Laparoscopic Entry: The Modified Alwis Method and More

Thomas T Vellinga *, Sarath De Alwis , Yoko Suzuki *, Jon I Einarsson *
PMCID: PMC2760894  PMID: 19826577

Abstract

Despite the rapid advances in laparoscopic surgery in the past 2 decades, the initial entry still accounts for approximately 40% to 50% of laparoscopic complications and should be considered the most dangerous step of a laparoscopic procedure. In this review, the authors share a technique for initial umbilical entry, and provide alternative entry sites in cases where umbilical entry is contraindicated.

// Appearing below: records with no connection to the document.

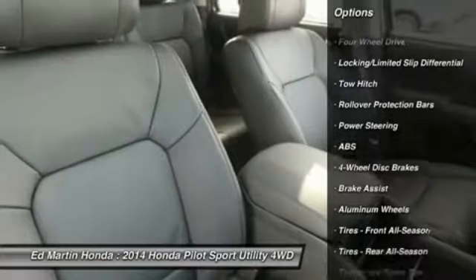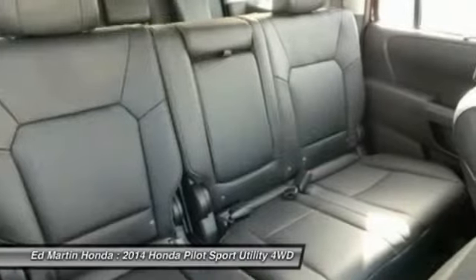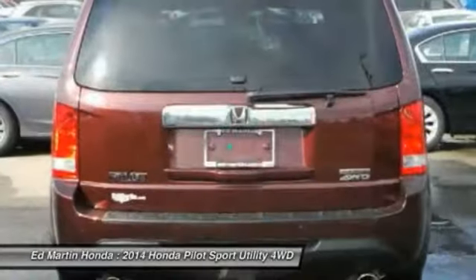Power lift gate, steering wheel audio controls, power passenger seat, tow hitch, power steering, adjustable steering wheel, aluminum wheels, four-wheel drive, four-wheel disc brakes.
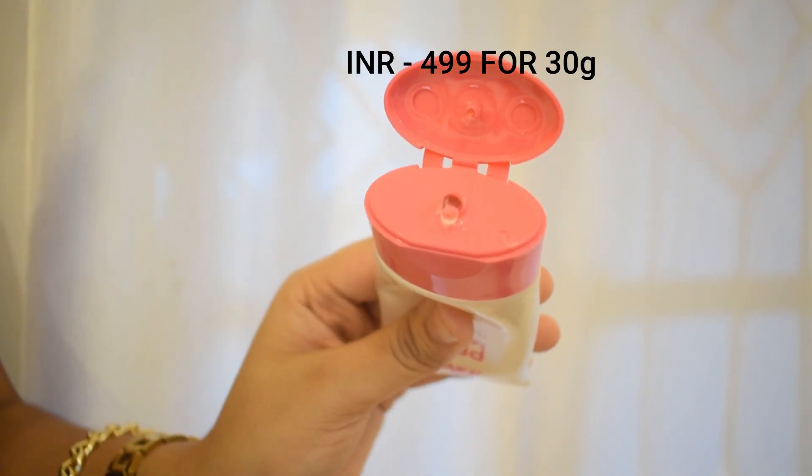Starting off with the Nykaa Prepmea Primer. This primer just does something to my skin. I don't have a lot of pores on my skin, but I do have uneven skin — it's not very plain. But this primer, oh my God, even though I'm not very good at blending, this primer really helps.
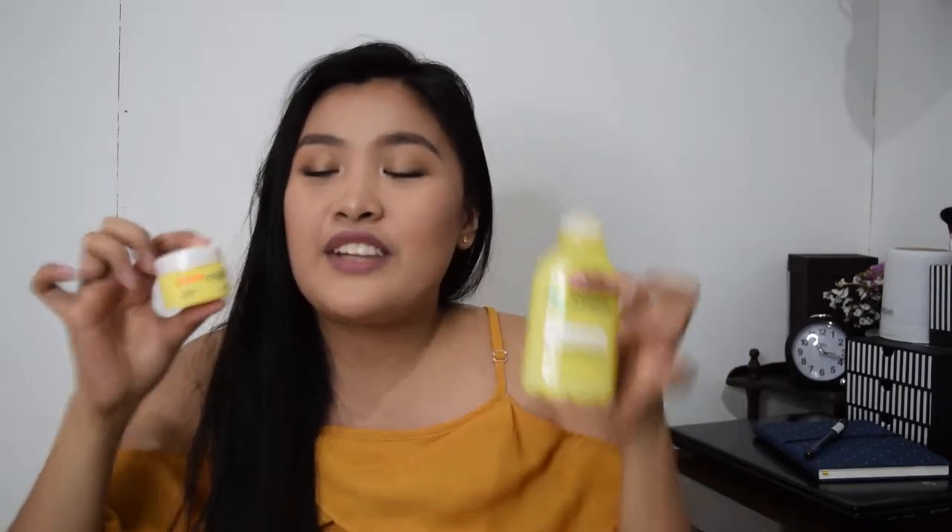The next products are from Garnier. This one I keep repurchasing — I've bought it multiple times. This is the Garnier Light Complete White Speed Multi-Action Whitening Serum Cream. I always use this and I've raved about it in my videos before. It's my favorite cream, so I just bought one more.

Key words: Laparoscopic surgery complications, Laparoscopic surgical technique, Laparoscopic umbilical entry, Veres needle


Despite the rapid advances in laparoscopic surgery in the past 2 decades, the initial entry still accounts for approximately 40% to 50% of laparoscopic complications and should be considered the most dangerous step of a laparoscopic procedure.1,2

A variety of laparoscopic entry methods have been described. The Hungarian physician János Veres first described the use of his Veres needle to induce pneumothorax in the treatment of pulmonary tuberculosis in 1936.3 Laparoscopic entry using a Veres needle followed by the blind insertion of a sharp trocar remains the most common entry method used by gynecologists.4,5 Other entry methods include the open technique (Hasson) and direct trocar entry without a preexisting pneumoperitoneum. Unfortunately, the available literature is not clear as to which form of laparoscopic entry is superior in terms of complication risks, and the most common recommendation is for surgeons to use entry methods with which they feel comfortable.6

We would like to share our technique of initial umbilical entry, as well as our experience with alternative site entry in situations where umbilical entry is contraindicated. The basic principle of our umbilical entry technique is to take advantage of the negative intraperitoneal pressure that is generated by pulling on the abdominal fascia. We have been performing this technique for several years with good success, but recently heard of a similar technique that has been performed successfully for decades by Dr. Sarath De Alwis in the Cayman Islands. In his honor we have named our technique the modified Alwis method. The original Alwis method is described in Table 1.

Table 1.

The Original Alwis Method

Step 1. Vertical insertion of Veres needle at the umbilicus. Aspirate to check for possible bowel contents.
Step 2. If no bowel contents are seen, infuse 0.1–0.2 L CO2 (0.4–0.5 L for obese patients) and rest the Veres needle flat on the abdomen by the assistant.
Step 3. Abruptly lift the lower abdomen. This creates an increased negative pressure in the lower abdomen. The noise can be heard, but ideally it should be recorded using a microphone on the skin (like a diaphragm on the stethoscope) connected to a recorder that shows intensity, or pitch of the sound as seen on some radios. If the sound is heard, it is certainly intraperitoneal. If no sound, but you still feel that you are in the correct place, then go to step 4.
Step 4. Infuse up to 1 L of CO2, stop, and ballot the abdomen. It should feel like a water bed. If the abdomen is firm or there is no sensation of a water bed, the placement is preperitoneal. Rarely the abdomen can be tight and the water bed sign negative if the patient is not adequately paralyzed.
Factors for Sensitivity and Specificity of the Test
1. If the sound is heard at 0.1–0.2 L (0.4–0.5 L in obese patients), then the Veres needle is 100% certain to be in the intraperitoneal space.
2. If no sound is heard, the needle is either:
A. Preperitoneal, or
B. There is blood, fluid, air, or excess gas (CO2) in the pelvis and there is no surface tension to create a negative-pressure.
Principle of the Test
The visceral organs have a thin layer of peritoneal fluid, on the peritoneal surface, that exerts surface tension. For example, when a person stands on the head, the bowels remain in the anatomical positions due to the surface tension.
When you abruptly lift the abdominal wall after 100–400 cc of gas or air, the negative pressure rises and the air from the positive pressure rushes into the area of the negative pressure, making a distinct sound that can be heard in a quiet setting or recorded using a microphone.

Umbilical Entry: Modified Alwis Method

  1. The insufflator is set on high flow from the outset and the goal intraperitoneal pressure is set at 15 mm Hg (Figure 1).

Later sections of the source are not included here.